- _TASK DESCRIPTION_
Transcribe the entries below word for word, beginning at the line with "Satılır, yeni tikili, 4" and stopping after the line with "Volvo S60 2014 года с пробегом. Фото: #12"; drop all pictures.

- _EXTRACTED DATA_
* * *

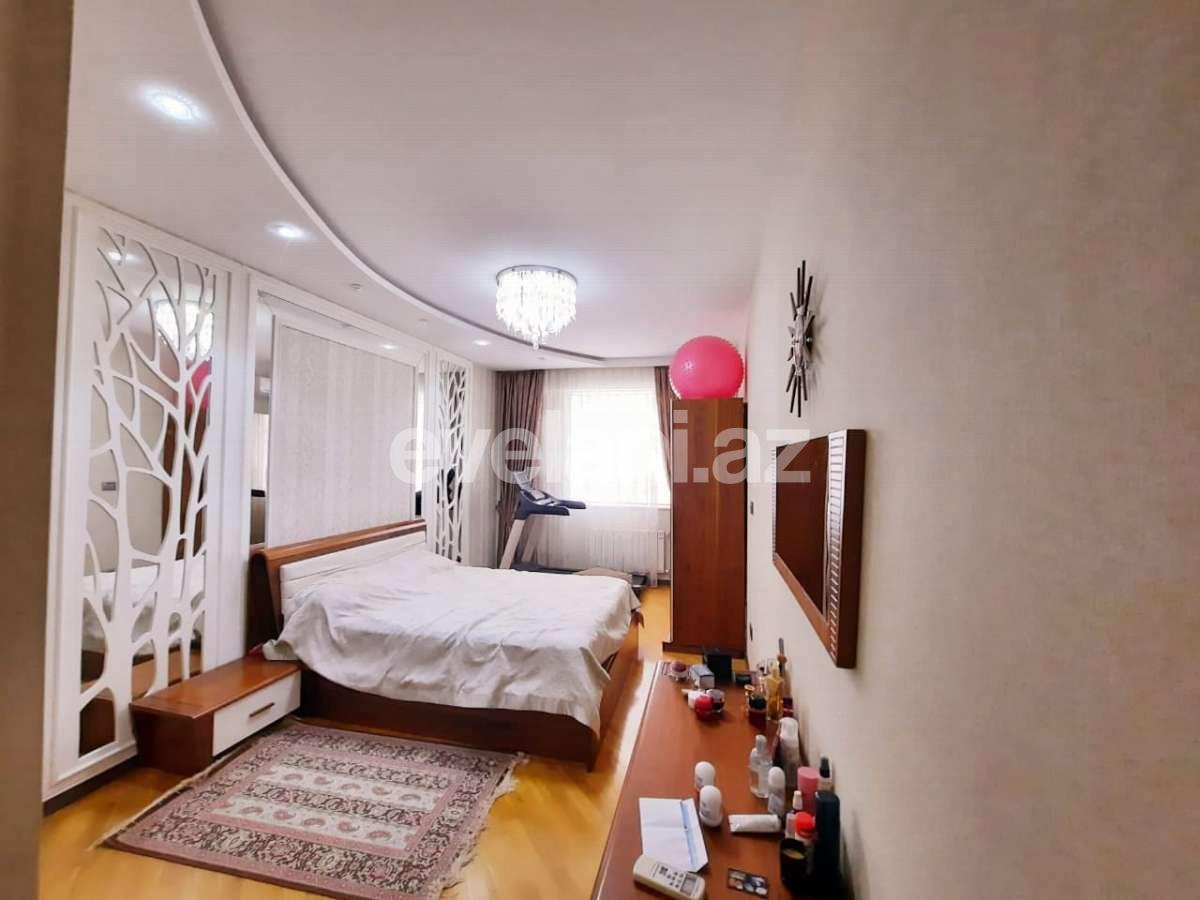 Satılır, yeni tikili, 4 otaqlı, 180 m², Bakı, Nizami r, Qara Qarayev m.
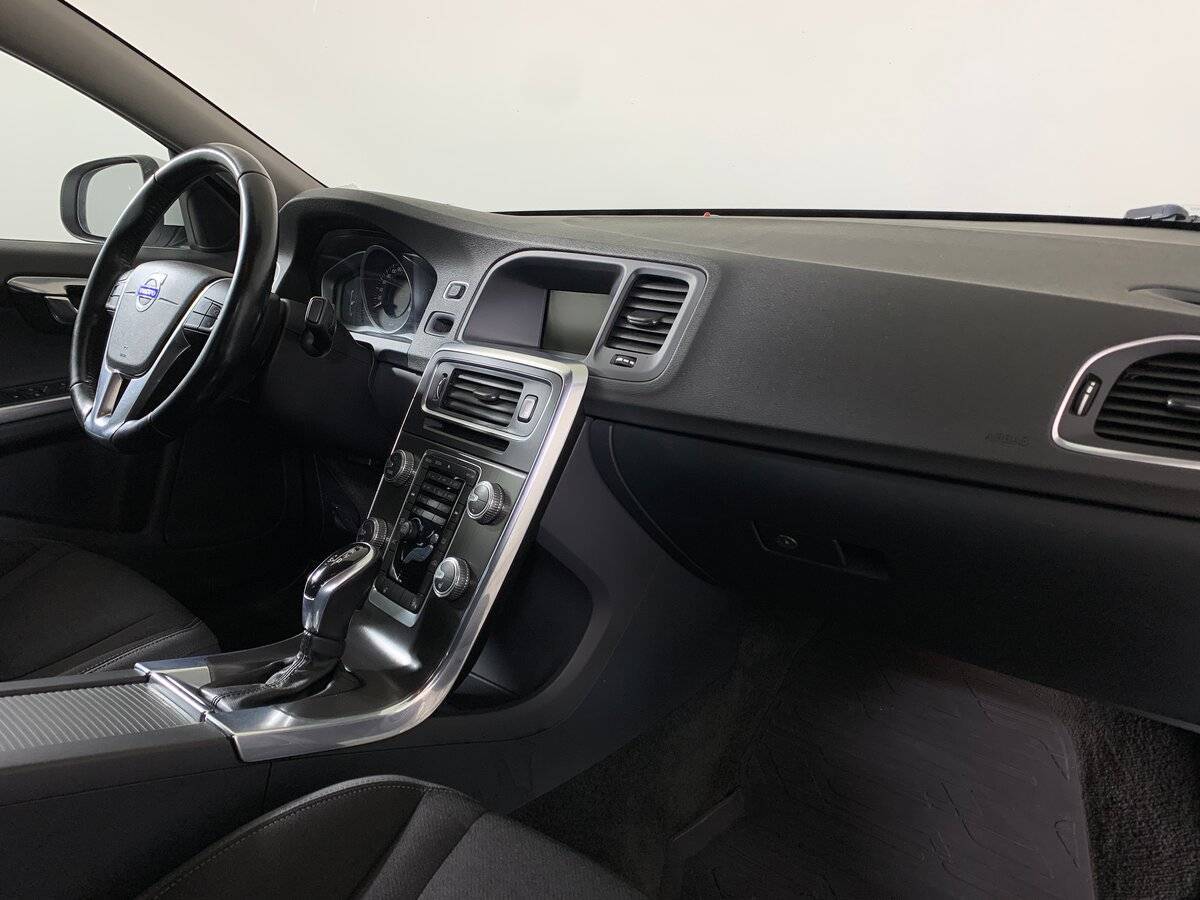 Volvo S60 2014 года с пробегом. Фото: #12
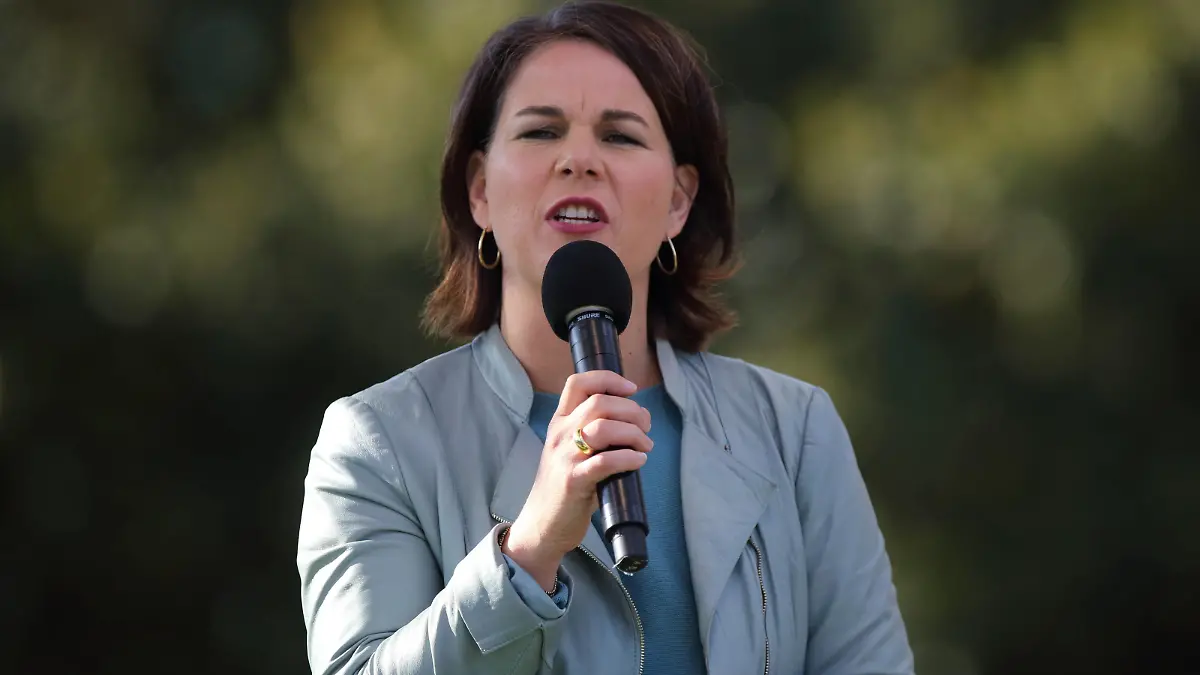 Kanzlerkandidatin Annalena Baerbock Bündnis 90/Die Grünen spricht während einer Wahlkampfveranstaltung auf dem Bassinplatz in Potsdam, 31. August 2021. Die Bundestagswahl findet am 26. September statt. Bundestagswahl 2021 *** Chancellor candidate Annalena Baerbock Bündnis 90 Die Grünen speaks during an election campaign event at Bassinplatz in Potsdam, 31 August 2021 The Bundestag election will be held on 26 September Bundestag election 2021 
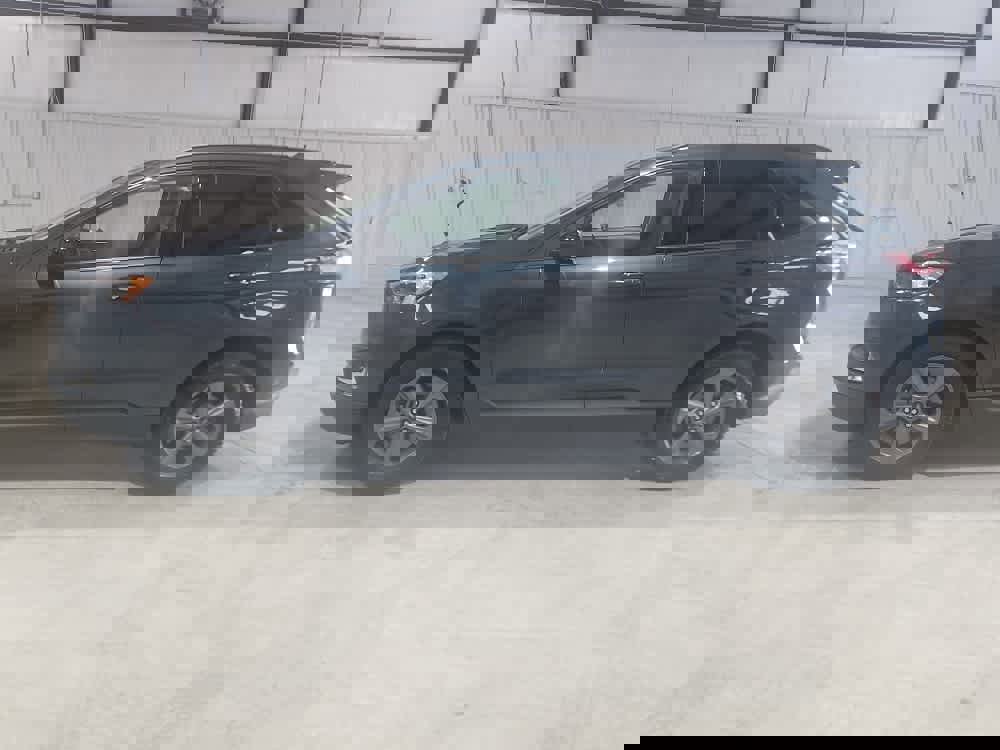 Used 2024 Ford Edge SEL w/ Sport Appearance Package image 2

* * *

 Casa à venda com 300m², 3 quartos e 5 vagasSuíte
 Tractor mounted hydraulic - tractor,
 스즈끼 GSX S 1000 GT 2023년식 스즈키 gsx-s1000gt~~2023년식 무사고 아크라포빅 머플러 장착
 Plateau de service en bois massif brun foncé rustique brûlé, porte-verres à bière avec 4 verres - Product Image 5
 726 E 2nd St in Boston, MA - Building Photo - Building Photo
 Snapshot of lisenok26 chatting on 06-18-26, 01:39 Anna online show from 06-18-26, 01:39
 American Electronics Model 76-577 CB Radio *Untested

* * *

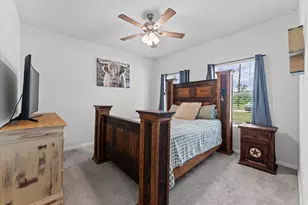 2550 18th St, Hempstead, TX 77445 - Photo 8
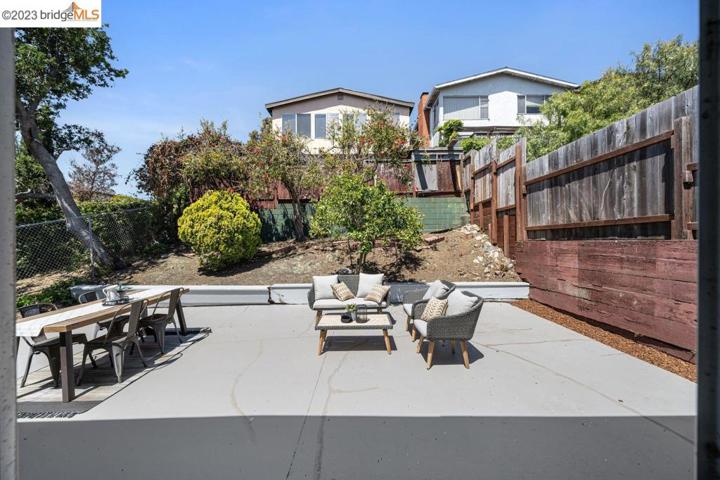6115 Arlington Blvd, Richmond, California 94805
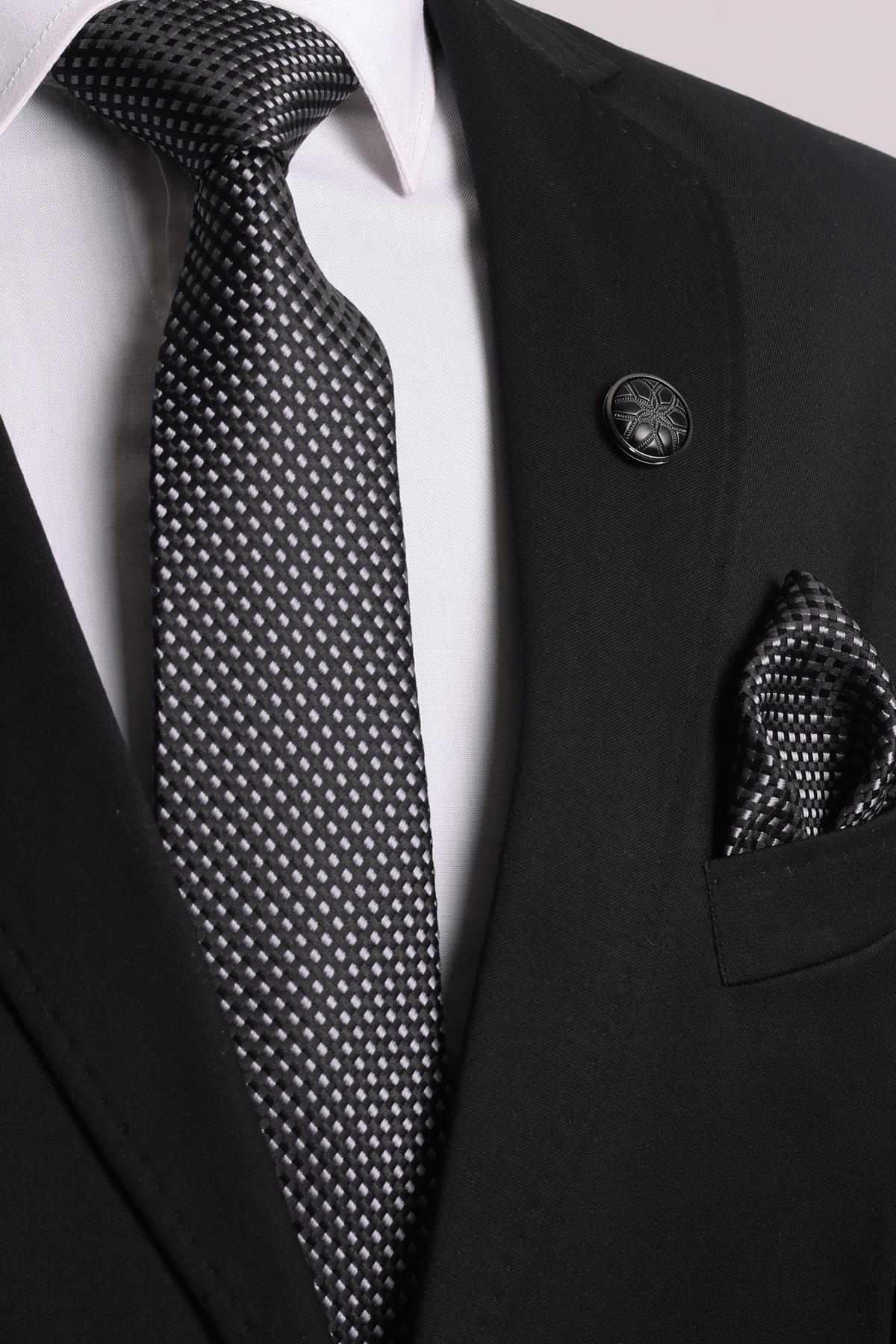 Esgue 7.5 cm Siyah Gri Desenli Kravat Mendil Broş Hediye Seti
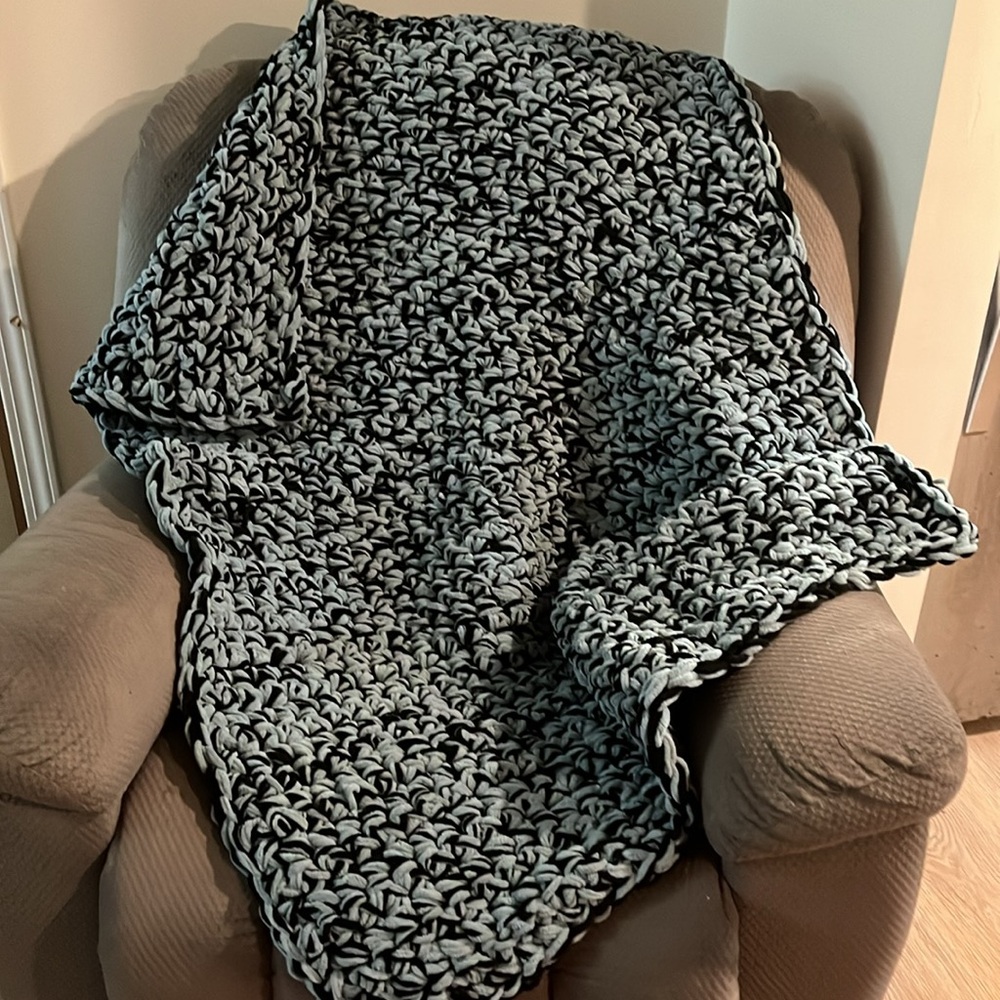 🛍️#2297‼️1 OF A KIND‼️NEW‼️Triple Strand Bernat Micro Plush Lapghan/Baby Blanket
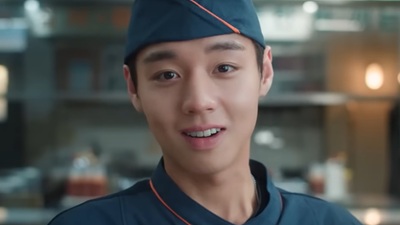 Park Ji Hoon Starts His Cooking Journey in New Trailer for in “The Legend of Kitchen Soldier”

* * *

- _TASK RESPONSE_
 Satılır, yeni tikili, 4 otaqlı, 180 m², Bakı, Nizami r, Qara Qarayev m.
 Volvo S60 2014 года с пробегом. Фото: #12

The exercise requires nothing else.